La pièce d’Ibsen avait fait scandale en 1879, au point d’inciter l’auteur à en proposer une autre fin, au grand dam de sa femme qui avait été jusqu’à dire « Nora part ou c’est moi qui pars ». Le moment où un oiseau est venu se fracasser sur la fenêtre de la bibliothèque où elle lisait a inspiré à la comédienne, manipulatrice et sculptrice de marionnettes, Yngvild Aspeli, l’envie de monter la pièce. Comme cet oiseau l’héroïne d’Une maison de poupée, Nora, se cogne à la surface en verre de sa propre existence, emprisonnée dans sa vie familiale et les règles de la société de son époque. Elle va partir pour devenir un être humain, au même titre que son époux. En adaptant la pièce, l’artiste réussit à montrer ce qu’ont de toujours actuels la situation et le conflit de l’époque.

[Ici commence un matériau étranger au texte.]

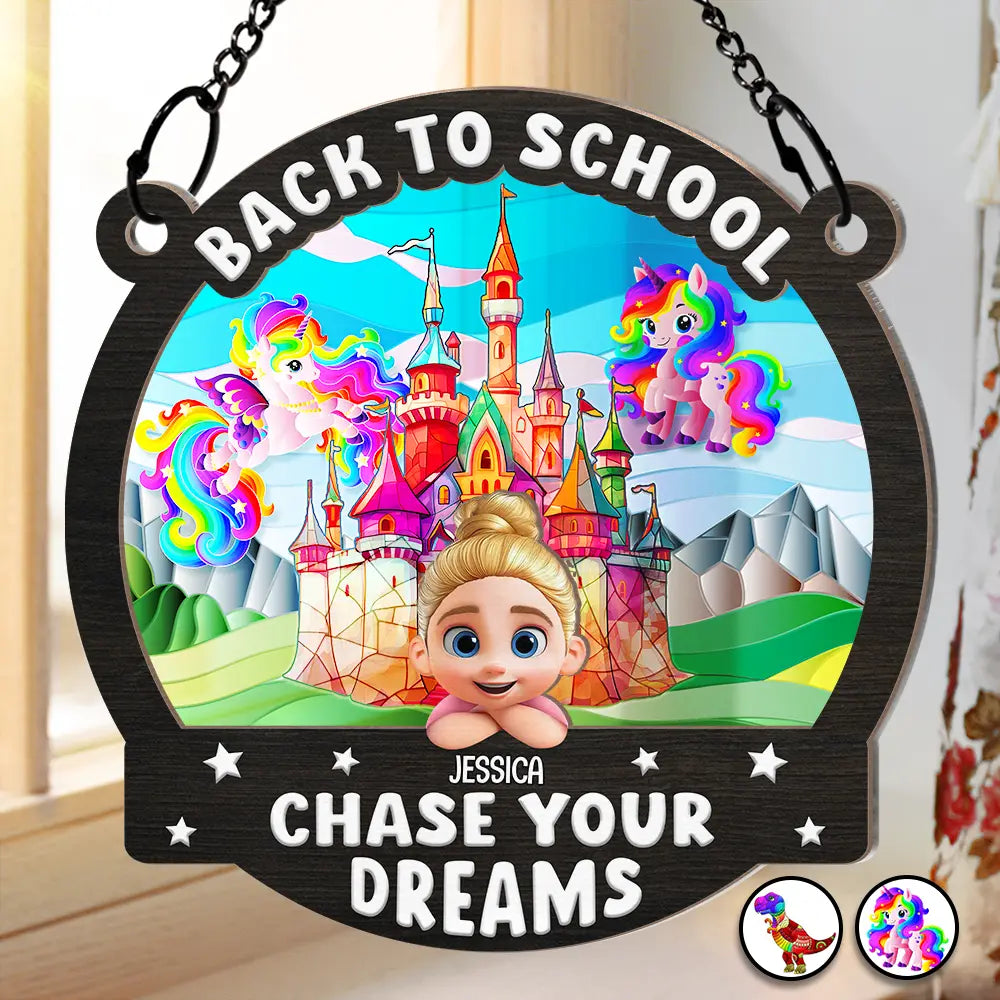 Unicorn Chase Your Dreams - Personalized Window Hanging Suncatcher Ornament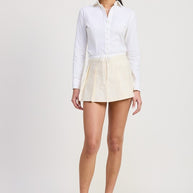 CONTRASTED WAIST BAND PLEATED SKORT-Emory Park-[option4]-[option5]-[option6]-[option7]-[option8]-Shop-Boutique-Clothing-for-Women-Online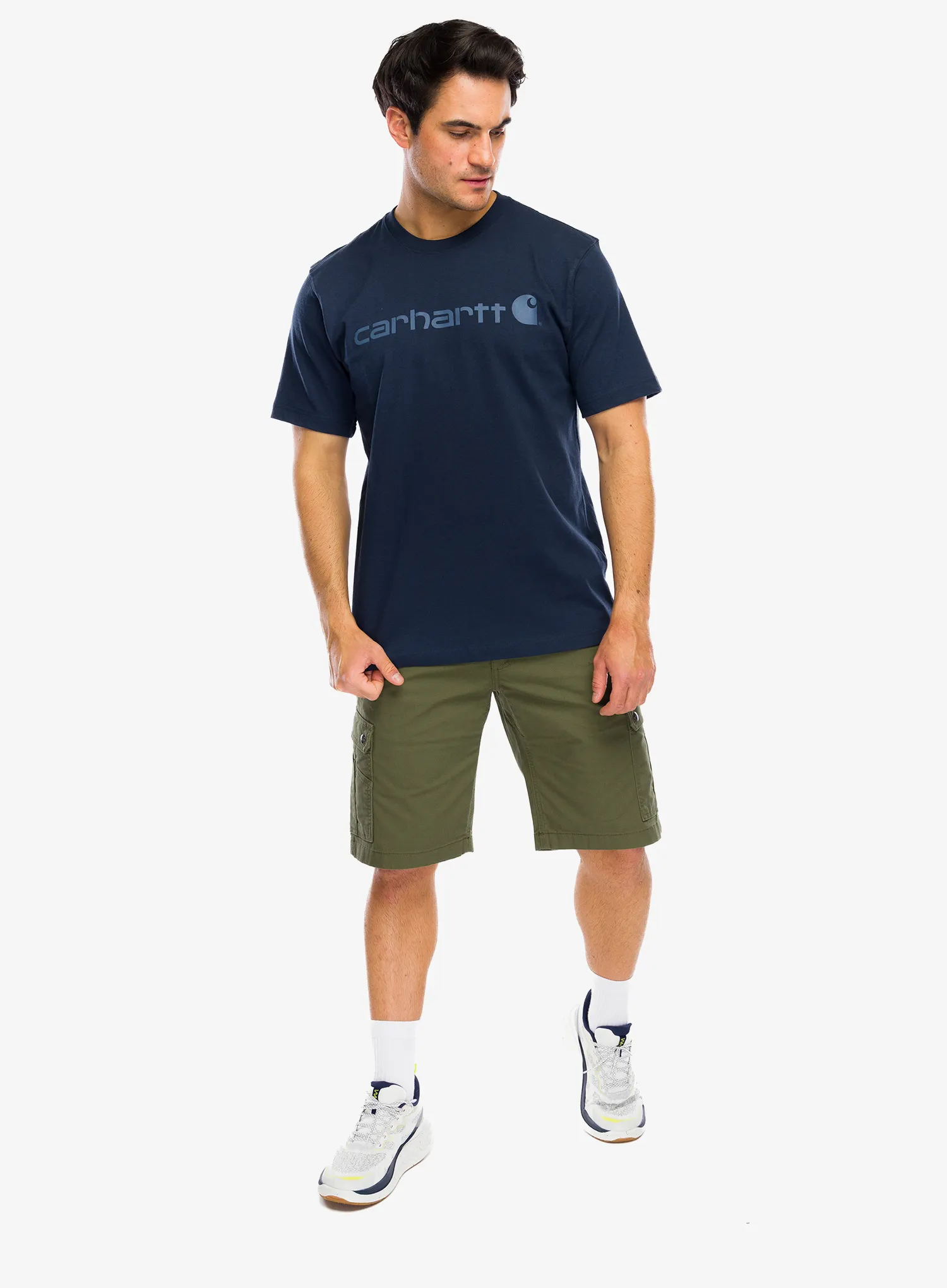 Футболка бавовняна Carhartt Dearborn Relaxed Logo T-Shirt - navy/dark blue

Yngvild Aspeli et Paola Rizza, sa co-metteuse en scène, nous installent dans un salon bourgeois où un arbre de Noël vient rappeler qu’on est à la veille de Noël. Une porte laissera passer les personnages, des marionnettes à taille humaine, qui vont bousculer ce huis-clos. Yngvild Aspeli joue Nora. Celle qui apparaît comme une jolie femme frivole toute dévouée à son mari et à ses enfants, a autrefois fait un faux en écriture pour pouvoir emprunter l’argent nécessaire à un séjour en Italie destiné à aider son mari à recouvrer la santé. La comédienne va aussi prêter sa voix aux marionnettes qui vont représenter tous les autres personnages de la pièce, Torvald le mari de Nora, récemment promu directeur de banque, soucieux de respectabilité bourgeoise, à qui répugnent l’emprunt et le mensonge, Krogstad qui a en main le billet signé par Nora et la menace de tout révéler à son mari, le Docteur Rank, ami de la famille secrètement amoureux de Nora, et Christine, une amie de Nora, une veuve qui a besoin d’une emploi pour assurer sa subsistance.

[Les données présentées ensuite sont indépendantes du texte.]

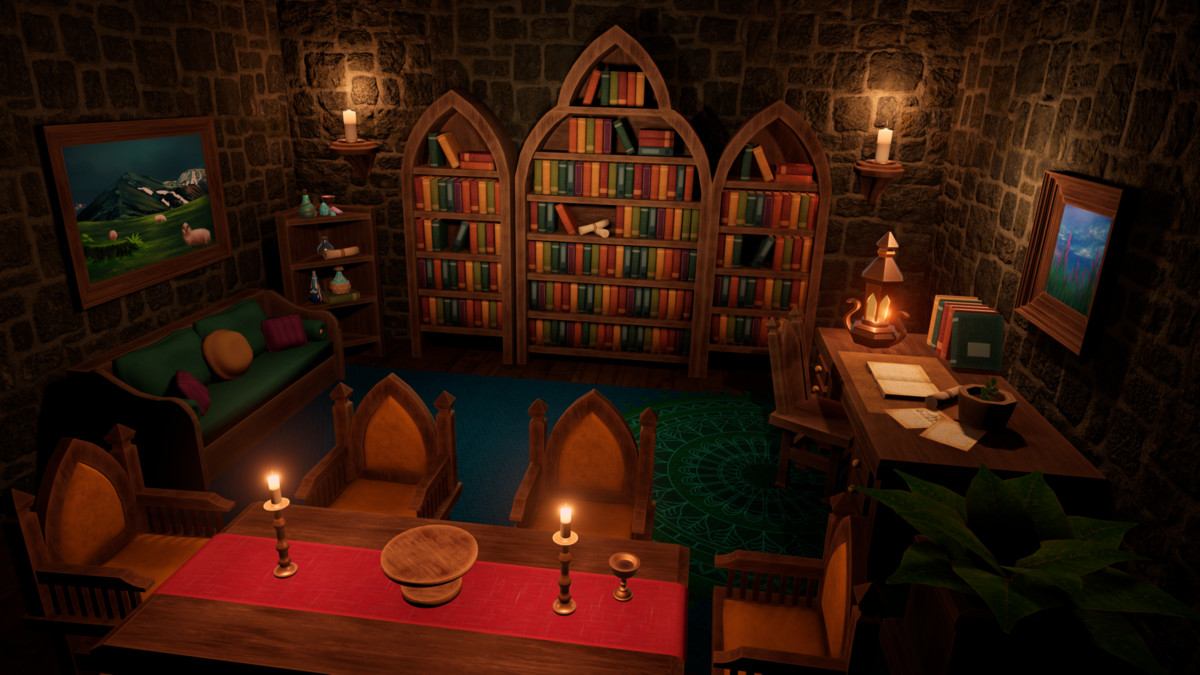 Fantasy Magic Interior - Wizard Library Study & Alchemy Room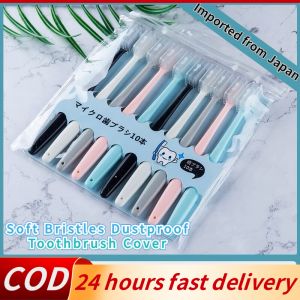 Ready Stock: 10pcs Macaron Japan Eco Toothbrush Portable Travel Toothbrush Safe Family Toothbrush Set With Protective Cover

L’idée magnifique d’Ingvild Aspeli est de ne pas se servir des marionnettes pour illustrer la pièce, mais de les mettre au cœur du propos de la pièce. Les dédoublements entre la comédienne et les marionnettes donnent parfois le vertige offrant un terrain fertile à la réflexion sur la place que la société assigne aux femmes, une question toujours d’actualité.
Le joli papier peint des murs du salon se noircit et s’emplit d’une toile d’araignée, comme celle dont Nora se sent de plus en plus prisonnière. Les lattes de plancher se soulèvent laissant passer des araignées, d’abord petites puis de plus en plus grosses, jusqu’au moment où seules deux énormes pattes encadrent Nora assise sur le canapé tenant ses enfants embrassés, comme un dernier recours. La broderie que fait Nora grossit de plus en plus, semblant elle-aussi la contraindre à rester dans son rôle de femme au foyer. C’est dans une sorte de transe que Nora va se libérer. On voit toujours le buste de l’actrice mais ses jambes sont celles d’une marionnette dansant une tarentelle frénétique pour se libérer du venin de cette société bourgeoise, où son mari, après lui avoir dit l’horreur que lui inspirait son acte, voudrait la ramener à son statut de bel oiseau illuminant le foyer conjugal. Mais Nora sait désormais que, quel qu’en soit le prix, elle doit partir.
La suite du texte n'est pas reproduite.